(INFORMATION PROVIDED Opens)

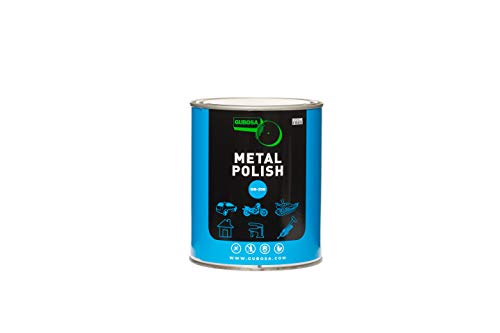 Pulimento Abrillantador Metal limpiador Pulidor y Limpiador de Oxido y Metales para Acero Inoxidable Aluminio Cromados Cobre Laton Automocion Facil Aplicacion Alto Rendimiento 1L GUBOSA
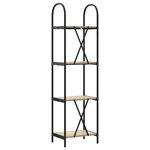 vidaXL Étagère Chêne Sonoma 40 x 30 x 146 cm Bois d'ingénierie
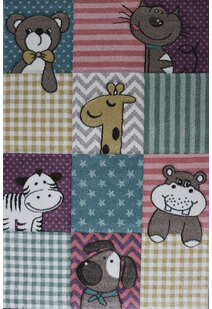 Charlie Cute Animal Nursery Rug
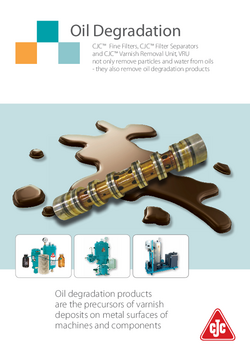 Oil degradation brochure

(INFORMATION PROVIDED Closes)

• **WHAT THIS TASK INVOLVES**: "Charlie Cute Animal Nursery Rug" marks the first line to be returned; return exactly that line and every line after it through the last line of the listing, omitting pictures.

• **RESPONSE TO THE EXERCISE**:
 Charlie Cute Animal Nursery Rug
 Oil degradation brochure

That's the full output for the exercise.